** What this task involves **
The response should contain only those lines of the entries below that include the string "large".

** Data records **
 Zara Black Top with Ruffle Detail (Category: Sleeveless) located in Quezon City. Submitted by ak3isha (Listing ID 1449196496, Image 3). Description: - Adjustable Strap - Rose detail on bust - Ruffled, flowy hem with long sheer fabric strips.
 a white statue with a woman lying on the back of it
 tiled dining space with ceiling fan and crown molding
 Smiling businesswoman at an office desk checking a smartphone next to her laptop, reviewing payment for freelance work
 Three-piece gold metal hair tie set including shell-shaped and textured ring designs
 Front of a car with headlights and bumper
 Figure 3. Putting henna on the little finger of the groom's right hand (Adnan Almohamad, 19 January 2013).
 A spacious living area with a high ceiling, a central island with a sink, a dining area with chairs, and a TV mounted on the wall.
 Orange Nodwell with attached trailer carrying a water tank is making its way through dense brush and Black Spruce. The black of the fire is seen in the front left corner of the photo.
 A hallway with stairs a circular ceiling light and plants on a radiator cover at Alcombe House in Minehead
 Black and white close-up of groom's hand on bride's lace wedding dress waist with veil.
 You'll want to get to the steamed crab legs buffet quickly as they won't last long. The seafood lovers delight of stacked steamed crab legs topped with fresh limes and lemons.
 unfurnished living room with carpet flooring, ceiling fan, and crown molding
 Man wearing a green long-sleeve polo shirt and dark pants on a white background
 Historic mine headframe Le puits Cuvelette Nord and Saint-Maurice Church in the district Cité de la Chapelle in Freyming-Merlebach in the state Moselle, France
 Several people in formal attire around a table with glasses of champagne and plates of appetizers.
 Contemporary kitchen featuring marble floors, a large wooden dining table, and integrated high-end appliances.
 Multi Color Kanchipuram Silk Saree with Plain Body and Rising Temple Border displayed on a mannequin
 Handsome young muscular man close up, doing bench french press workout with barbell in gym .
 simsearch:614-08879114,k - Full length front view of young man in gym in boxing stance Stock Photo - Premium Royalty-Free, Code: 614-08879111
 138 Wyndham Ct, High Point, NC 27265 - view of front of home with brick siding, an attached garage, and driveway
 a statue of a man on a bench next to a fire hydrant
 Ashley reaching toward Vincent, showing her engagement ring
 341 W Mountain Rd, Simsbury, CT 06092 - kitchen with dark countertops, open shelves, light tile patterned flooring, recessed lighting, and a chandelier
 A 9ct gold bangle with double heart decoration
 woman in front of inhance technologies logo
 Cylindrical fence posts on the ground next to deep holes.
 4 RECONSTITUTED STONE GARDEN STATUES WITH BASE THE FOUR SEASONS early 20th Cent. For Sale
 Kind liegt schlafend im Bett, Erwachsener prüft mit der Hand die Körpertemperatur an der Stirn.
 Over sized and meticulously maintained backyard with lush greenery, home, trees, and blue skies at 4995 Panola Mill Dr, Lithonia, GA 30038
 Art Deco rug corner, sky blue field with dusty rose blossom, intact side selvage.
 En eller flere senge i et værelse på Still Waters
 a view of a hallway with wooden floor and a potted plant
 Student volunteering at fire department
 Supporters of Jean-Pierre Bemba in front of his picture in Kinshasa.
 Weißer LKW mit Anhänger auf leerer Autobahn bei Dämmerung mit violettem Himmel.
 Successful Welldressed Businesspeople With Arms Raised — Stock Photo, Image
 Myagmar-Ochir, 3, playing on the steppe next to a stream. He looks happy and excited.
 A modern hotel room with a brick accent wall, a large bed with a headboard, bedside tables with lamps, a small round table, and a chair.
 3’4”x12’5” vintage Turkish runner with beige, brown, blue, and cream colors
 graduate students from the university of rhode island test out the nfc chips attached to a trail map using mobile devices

** Solution **
 Contemporary kitchen featuring marble floors, a large wooden dining table, and integrated high-end appliances.
 A modern hotel room with a brick accent wall, a large bed with a headboard, bedside tables with lamps, a small round table, and a chair.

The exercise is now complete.